**Task requirements**
An image-free, verbatim transcription of the records is the expected result.

**Given records**
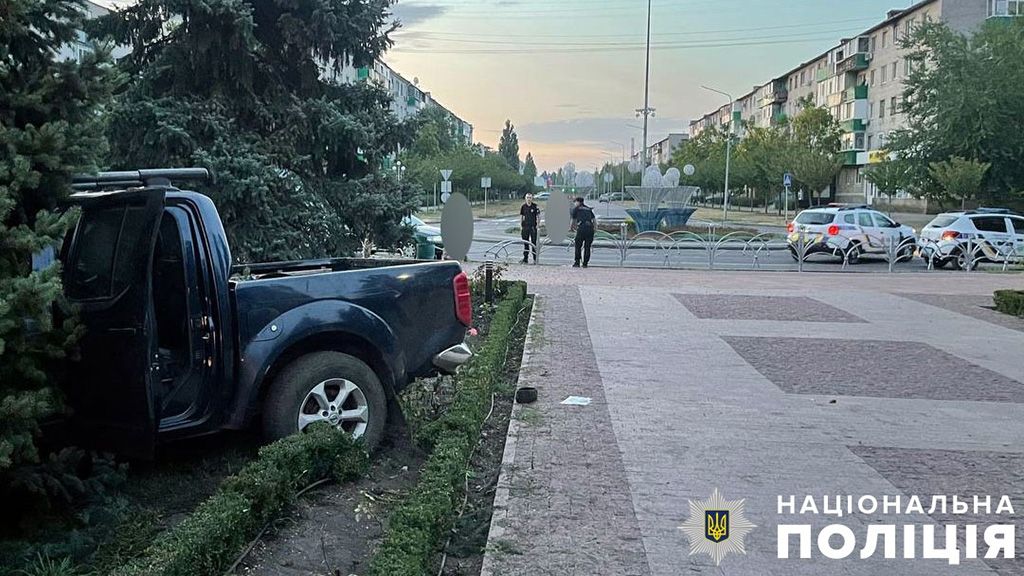 У Горішніх Плавнях автомобіль врізався у дерево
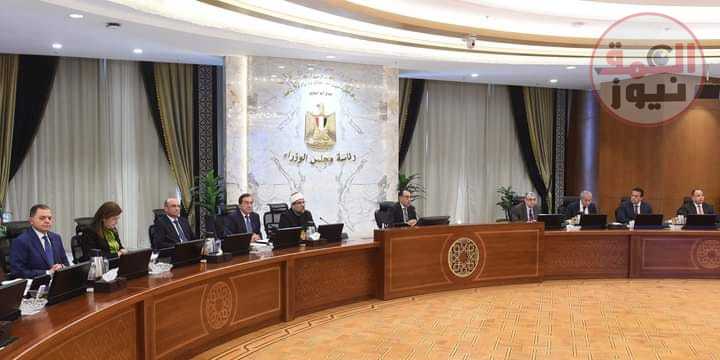 مجلس الوزراء يحدد سعر ضمان لتوريد القطن لهذا العام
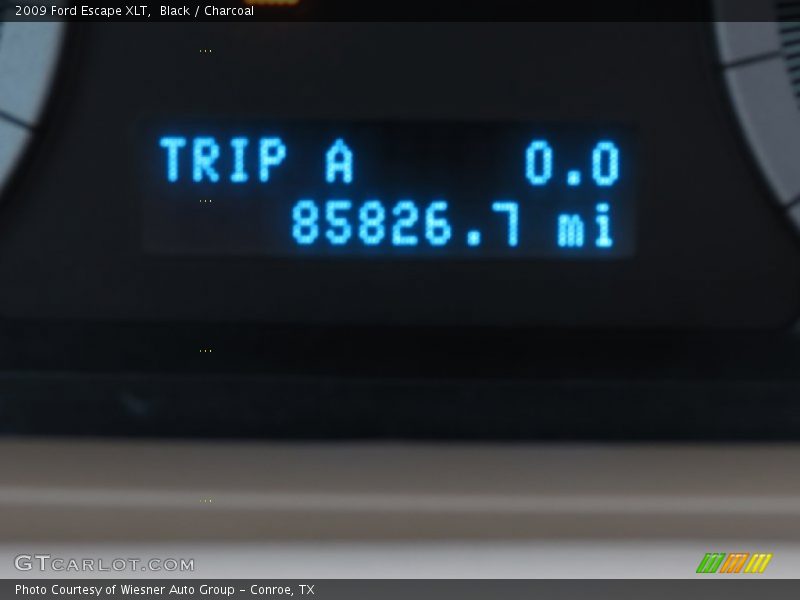 Black / Charcoal 2009 Ford Escape XLT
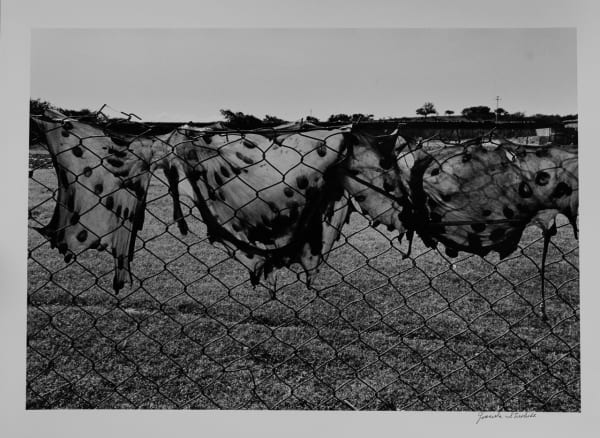 Graciela Iturbide, La Mixteca, Oaxaca, 1992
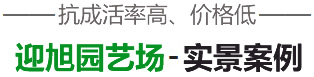 泰安市泰山區(qū)迎旭園藝場(chǎng)-實(shí)景案例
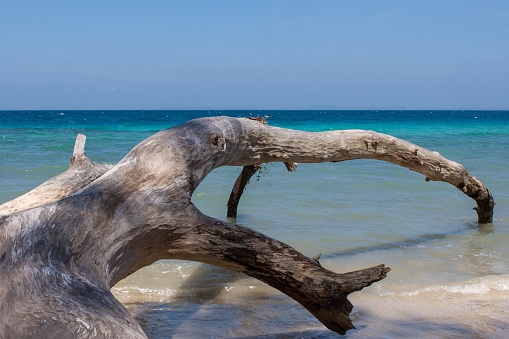 Havelock Island beach, Andamans, India. Fallen tree near the ocean. Seascape with the big old tree.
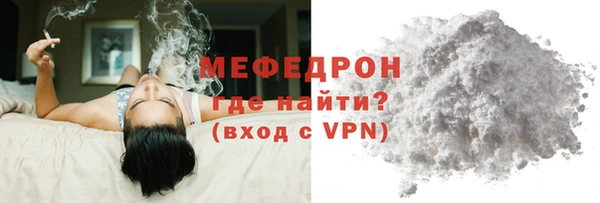 индика Богданович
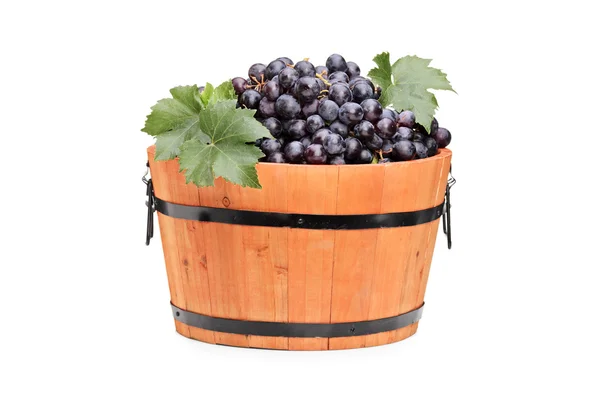 Виноград в деревянной бочке — стоковое фото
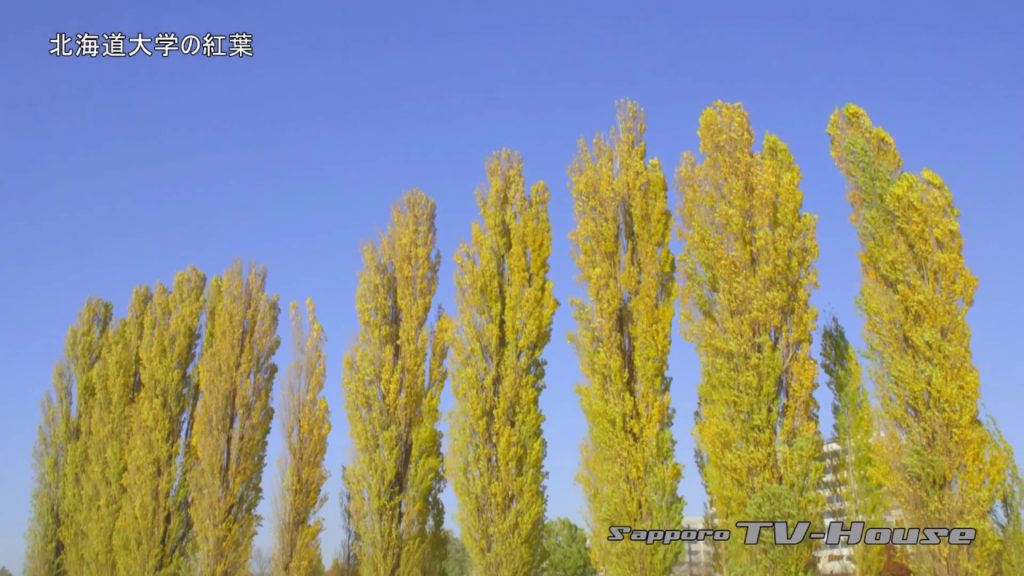 北海道大学の紅葉 Hokkaido University Sapporo Campus in autumn 4K(UHD)
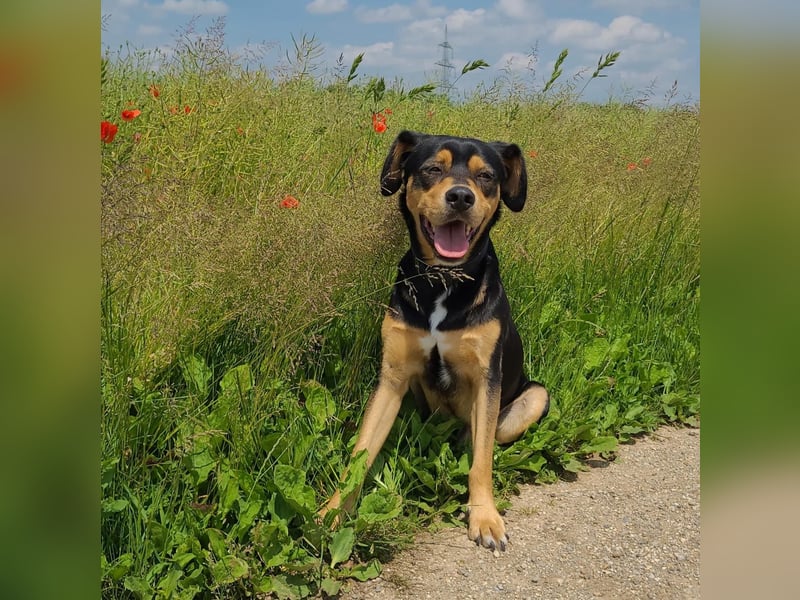 ZAKO sucht sein forever Home ❤️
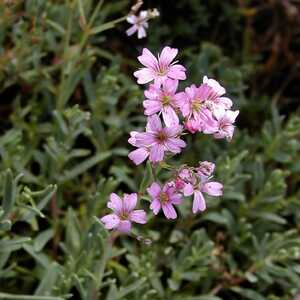 GYPSOPHILA repens 'Rosa Schönheit'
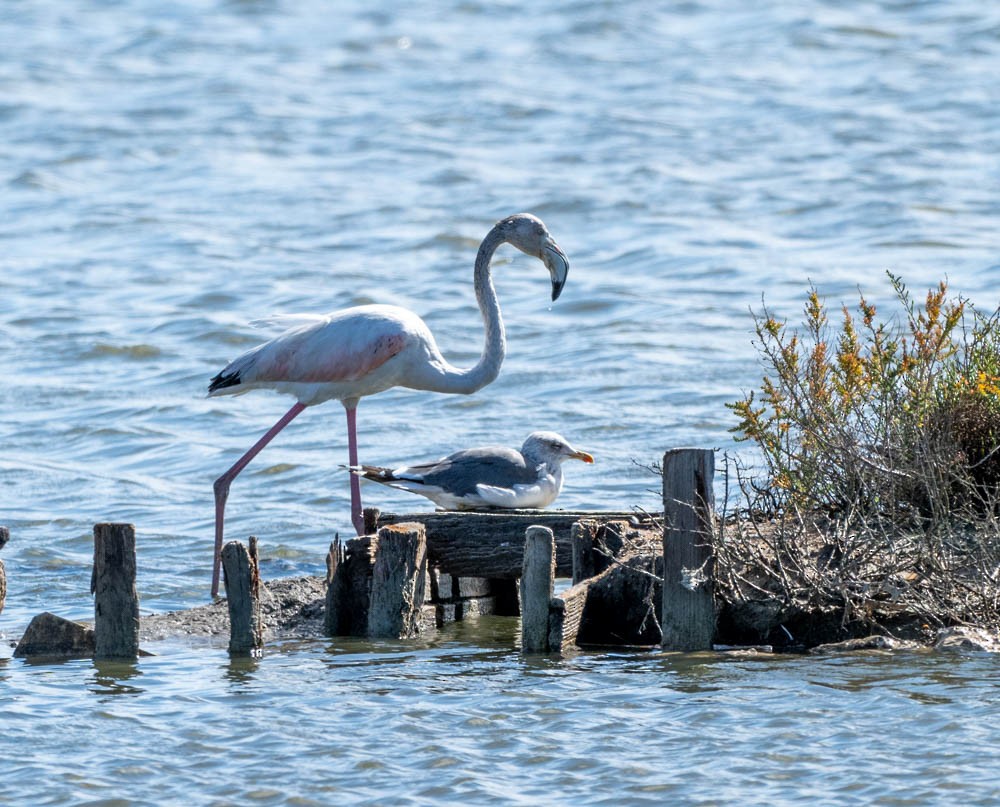 Flamant rose - ML626073195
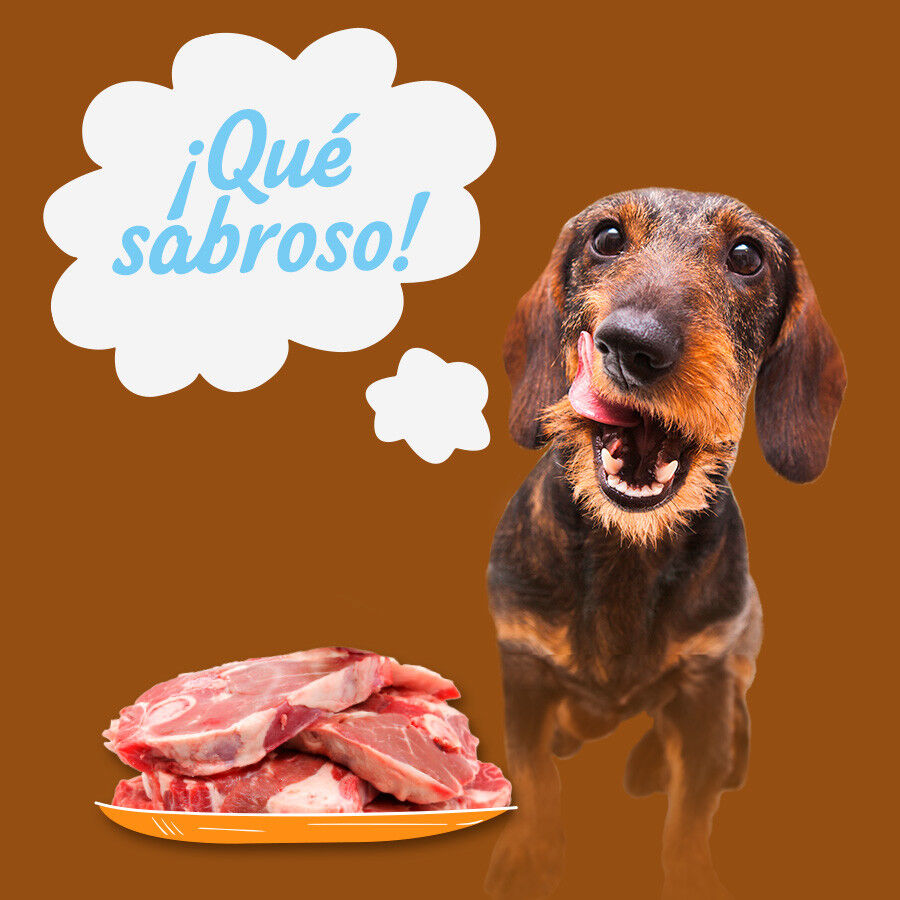 6 latas x 400 g Start! Adult Pollo, Ternera y Cordero en Gelatina lata para perros, , large Imagen numero 4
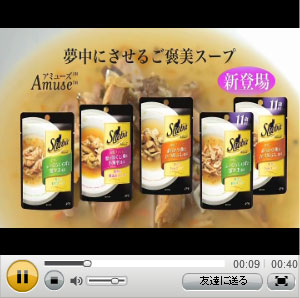 シーバアミューズ紹介動画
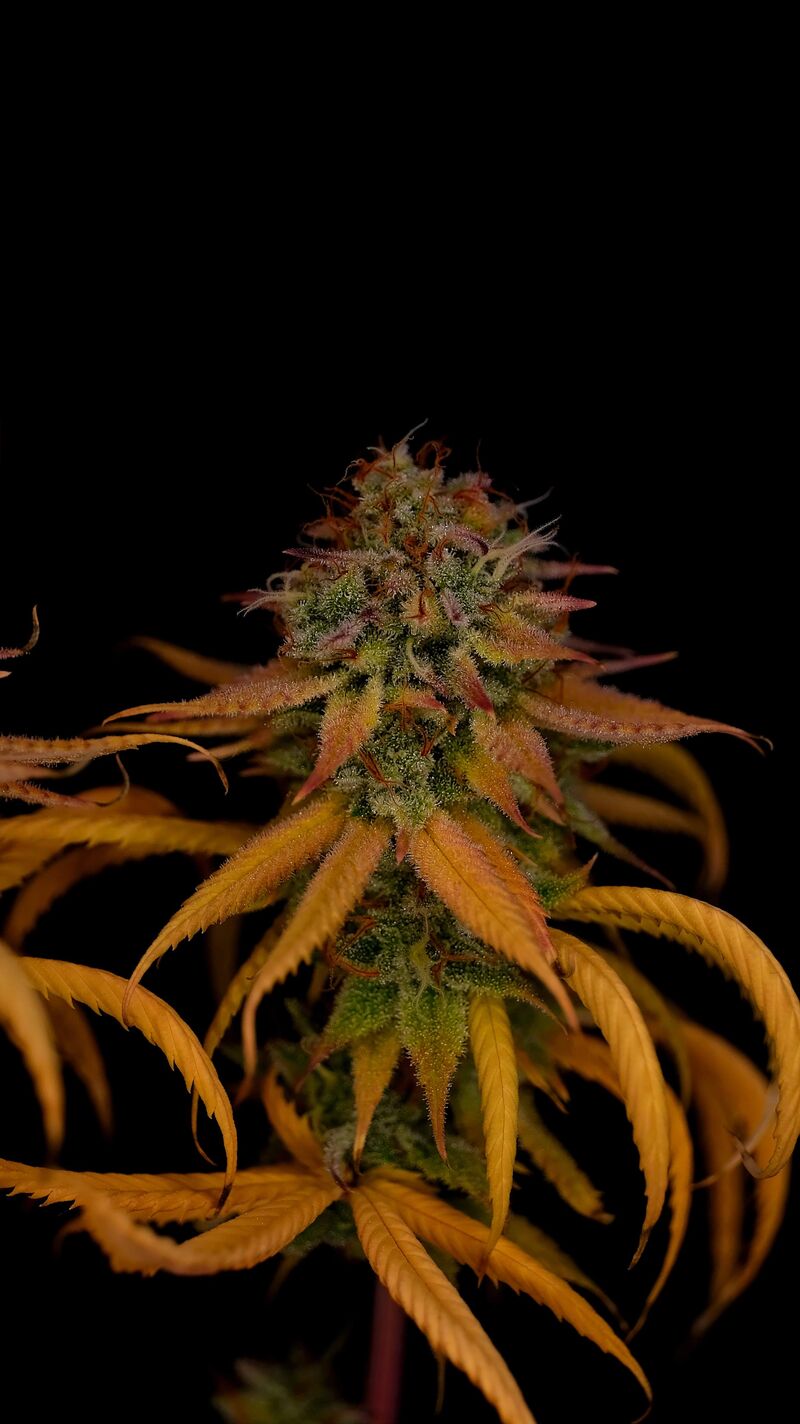 Pink Kush, Фасовка: 3, изображение 5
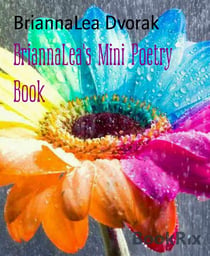 BriannaLea's Mini Poetry Book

**Finished exercise**
 У Горішніх Плавнях автомобіль врізався у дерево
 مجلس الوزراء يحدد سعر ضمان لتوريد القطن لهذا العام
 Black / Charcoal 2009 Ford Escape XLT
 Graciela Iturbide, La Mixteca, Oaxaca, 1992
 泰安市泰山區(qū)迎旭園藝場(chǎng)-實(shí)景案例
 Havelock Island beach, Andamans, India. Fallen tree near the ocean. Seascape with the big old tree.
 индика Богданович
 Виноград в деревянной бочке — стоковое фото
 北海道大学の紅葉 Hokkaido University Sapporo Campus in autumn 4K(UHD)
 ZAKO sucht sein forever Home ❤️
 GYPSOPHILA repens 'Rosa Schönheit'
 Flamant rose - ML626073195
 6 latas x 400 g Start! Adult Pollo, Ternera y Cordero en Gelatina lata para perros, , large Imagen numero 4
 シーバアミューズ紹介動画
 Pink Kush, Фасовка: 3, изображение 5
 BriannaLea's Mini Poetry Book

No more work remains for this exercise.